徐栋梁双腿发抖,扶着椅背,下半身找到支撑,缓缓滑入座。
这件事过去这么多年,从来没有人问过他,他自认这事处理的也不错,怎么会突然有人问起,只有谢书聿知道吗?还是被别人发现捅到谢书聿这里威胁他?
“小谢总……我……”
谢书聿看到他的反应心跌落谷底,自己父亲的死另有隐情?他的秘书居然妄图瞒天过海,他凛声道:“别说有的没的,你组织语言告诉我发生了什么就行了。”
徐栋梁喘息着平复,缓了会抖着道出,从谢杨静打电话那一刻问他怎么办开始到谢杨静自杀出国之间的事。
“我妈?”这次轮到谢书聿站不稳了,秦秘书也惊讶,但还是有眼色地扶住谢书聿,协助他坐在办公桌后的转椅上。
徐栋梁点头。
谢书聿扶着额,阿胶均是冷汗,厉声问:“她为什么这么做?”
徐栋梁被骤然一吼,心里慌,抖着声音说:“她说她冲动了,没想过会死人,还是一死就两个……”
谢书聿要徐栋梁继续保守秘密到死,让秦秘书给他取点钱继续安排在后勤,不允许他离开S市。
谢书聿在18层办公室坐到天黑,知道秦唐波进来送晚饭。
“谢总,吃饭吧,其实这么多年过去了,也没有人查过这件事,徐秘书他说要不是你提他都快忘了。”秦秘书把饭盒和菜盒给他打开,筷子摆好。
谢书聿茫然睁着眼,轻轻摇着头,他的母亲等于杀了他的父亲和沈星落的母亲,这让他怎么能有心思吃饭,他现在又痛苦又茫然又震惊。
秦唐波看了眼时间,说:“落落要唱歌了,第六个上场的。”说着他便打开电视,也只能靠沈星落出卖色相来把谢书聿暂时拉出这件事。
办公室电视打开那一刹那便甩脱死般静谧,融入欢歌笑语,主持人声情并茂串着词,介绍沈星落出场。

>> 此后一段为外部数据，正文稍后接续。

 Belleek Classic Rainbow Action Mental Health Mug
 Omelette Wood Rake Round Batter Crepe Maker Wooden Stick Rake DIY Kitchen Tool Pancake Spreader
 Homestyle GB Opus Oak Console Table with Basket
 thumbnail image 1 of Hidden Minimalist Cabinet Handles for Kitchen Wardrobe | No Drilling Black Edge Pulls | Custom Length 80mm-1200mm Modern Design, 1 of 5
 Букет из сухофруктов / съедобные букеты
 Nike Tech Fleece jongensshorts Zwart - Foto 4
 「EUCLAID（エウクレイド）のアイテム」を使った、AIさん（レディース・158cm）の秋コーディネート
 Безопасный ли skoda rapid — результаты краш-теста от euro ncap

谢书聿听到沈星落名字抬眼看向电视,面上仍是眉宇紧蹙,但注意力已经转移。
沈星落穿着绛红亮片吊带裙踩着10厘米水晶鞋施施然出场,她的头发已长至肩部,发丝被冷风吹起在后颈部飘动,漂亮的肩线与锁骨描绘出少女的纤瘦与美好,她没有带任何耳部颈部装饰,清爽得让人只能那个把目光停留在柔白的肌肤上。
红衣与雪肌配合得天衣无缝。
她直视着镜头的眼睛像是要穿过屏幕与你对视,杏仁眼眼尾画着淡红的眼影,弯起时格外魅惑。
她启着朱唇唱着——
……
全年度有几多首歌给天天的播
给你最愉快的消磨
流行是一首窝心的歌突然间说过就过
谁曾是你这一首歌你记不清楚
我看着你离座
真高兴给你爱护过根本你不欠我什么
曾经拥有的春季曾经走过的谷底
……
谢书聿看着一首歌毕,镜头切回现场,眼神便黯淡下来。
秦唐波淡笑着说:“落落唱歌还挺好听的,本来以为她做明星应该不适合,现在看来很有星相,天生吃这碗饭。”

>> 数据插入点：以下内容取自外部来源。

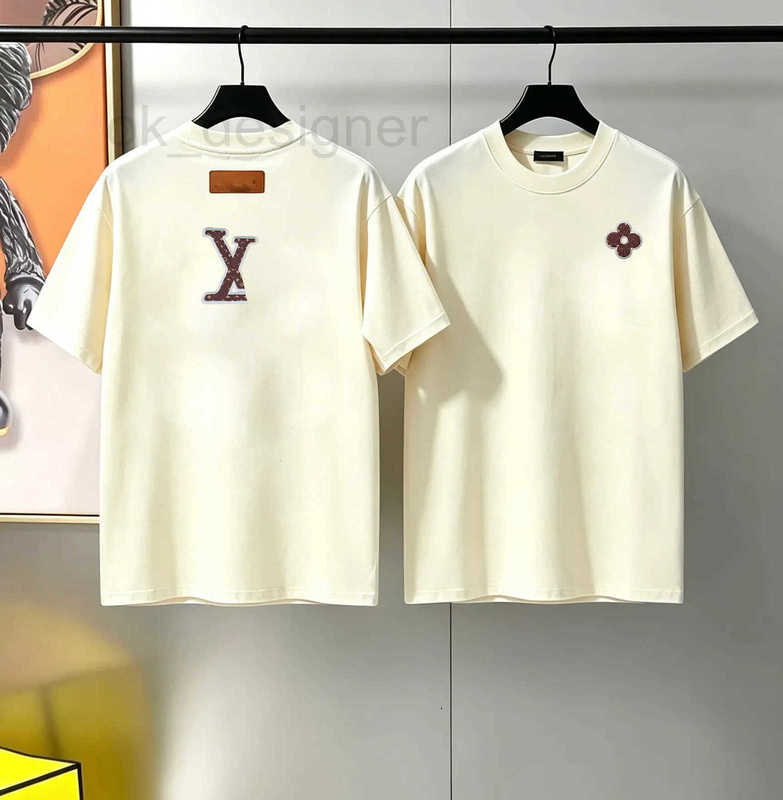 Men's T-Shirts Designer plus size Summer T shirt clothing brand designer men casual Tshirt leather embroidery printed letter short sleeved roun
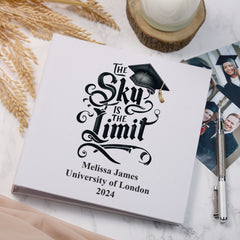 Large Book Bound Personalised Graduation Photo Album Sky Is The Limit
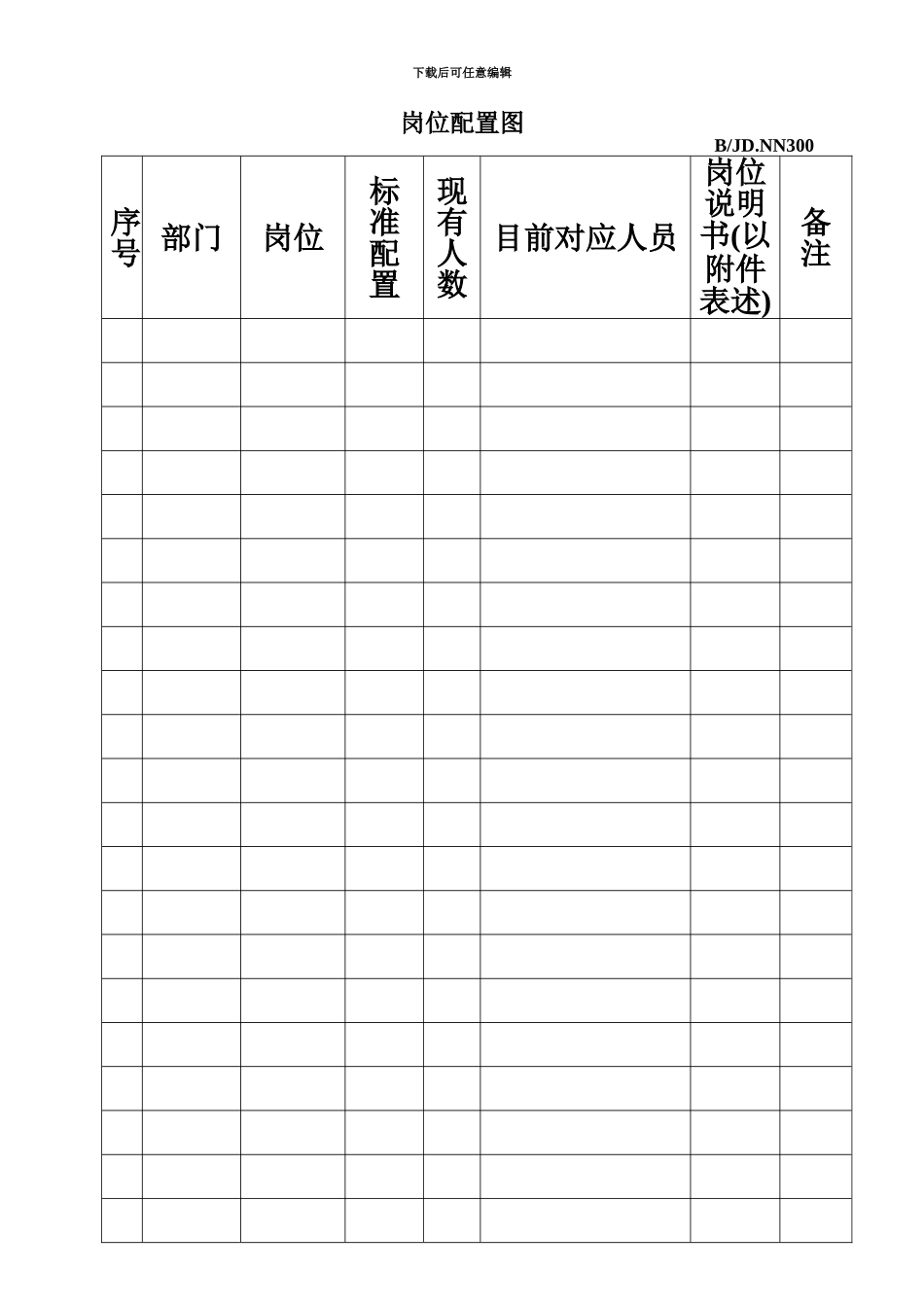 人力资源表格_第2页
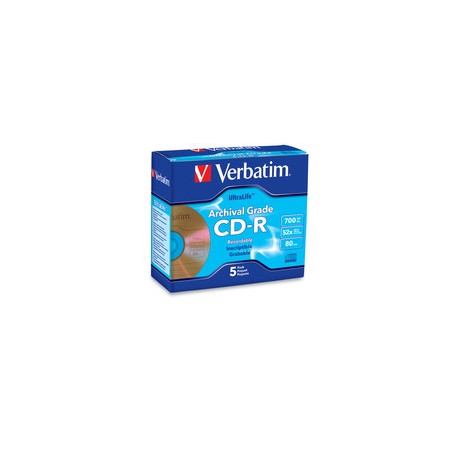 Verbatim 96319 CD-R 700MB, 52x, 80 Minute UltraLife Gold
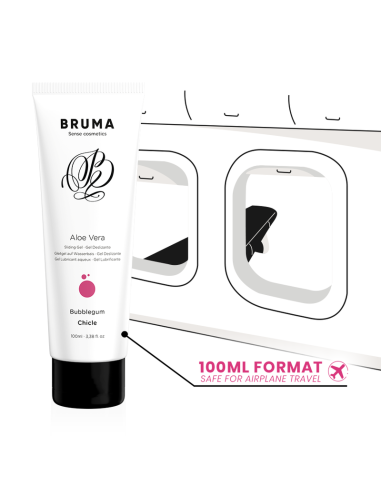 BRUMA - ALOE VERA SLIDING GEL BUBBLEGUM FLAVOR 100 ML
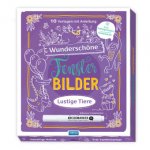 Trötsch Wunderschöne Fensterbilder mit Kreidemarker Mappe mit Vorlagen und Kreidemarker Lustige Tiere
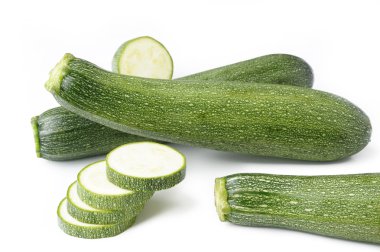 Beyaz arkaplanda kabak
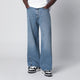Off-White™ Wide-Leg Light Blue Jeans With Logo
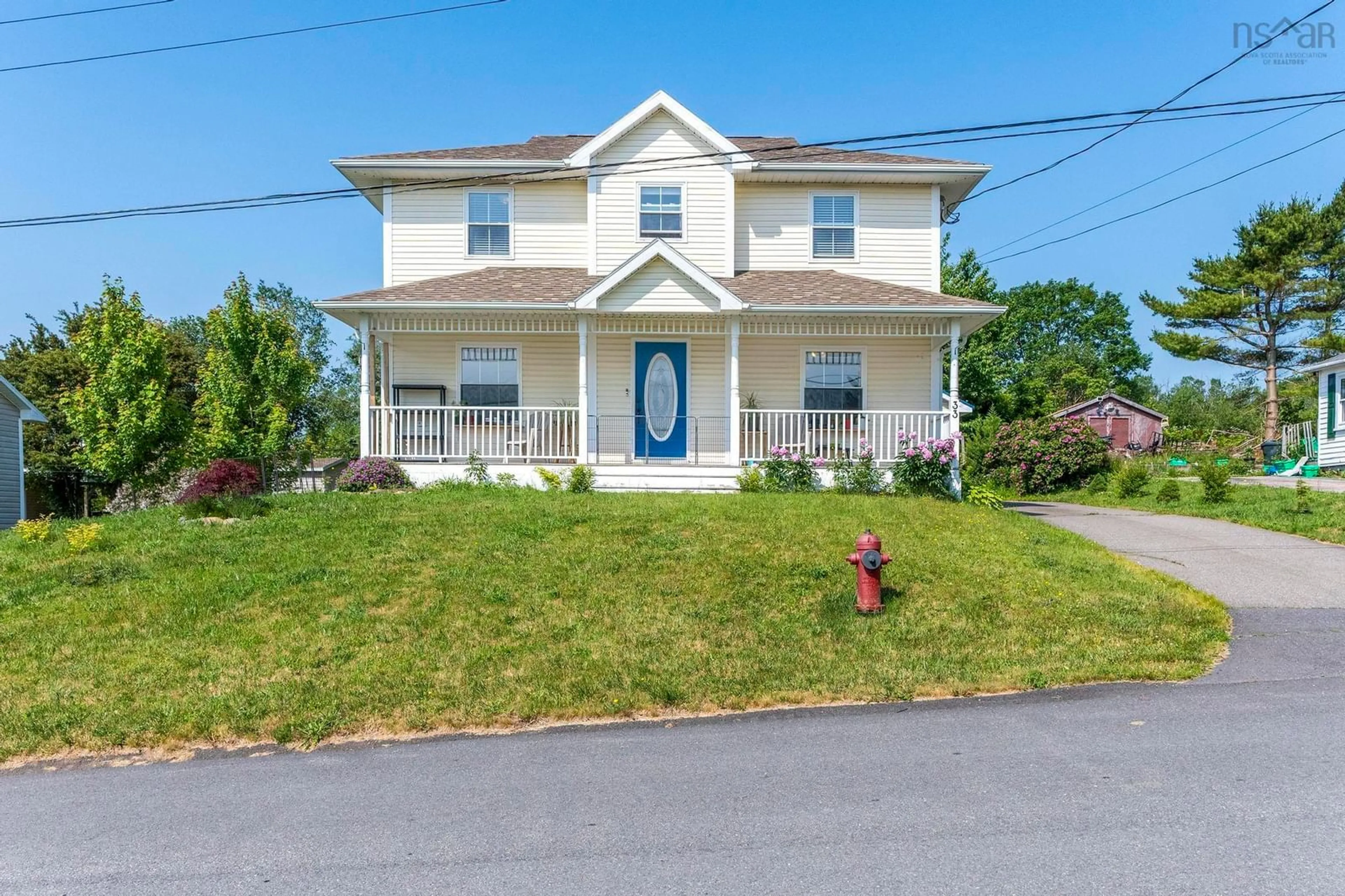 Home with vinyl exterior material, street for 33 West St, Digby Nova Scotia B0V 1A0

谢书聿眼皮耷拉着,低沉地说:“落落应该知道她妈妈怎么死的了。”
秦秘书微怔,“她知道是车祸还是……”
“她应该被巫漾告知了。”所以她会退学,所以她在之前死活不肯跟他在一起,那一阵他特别纳闷,那个臭脾气从来都不会如此忤逆,竟会这般叛逆了。想来她不过是不知道如何面对他,只能竖起身上所有的刺跟他反着来。
“那她现在……,有要做什么吗?”
“我不知道……”
也许是心软了?决定跟他一起好好生活?还是有别的打算?
谢书聿真的不知道,他看不懂这个女孩了。
他沉沉地叹了口气,18层外的B市是一片霓虹绚烂与热闹喧嚣,18层的办公室,白炽灯映得两个人影格外清冷。
世事无解时,待时间来告知。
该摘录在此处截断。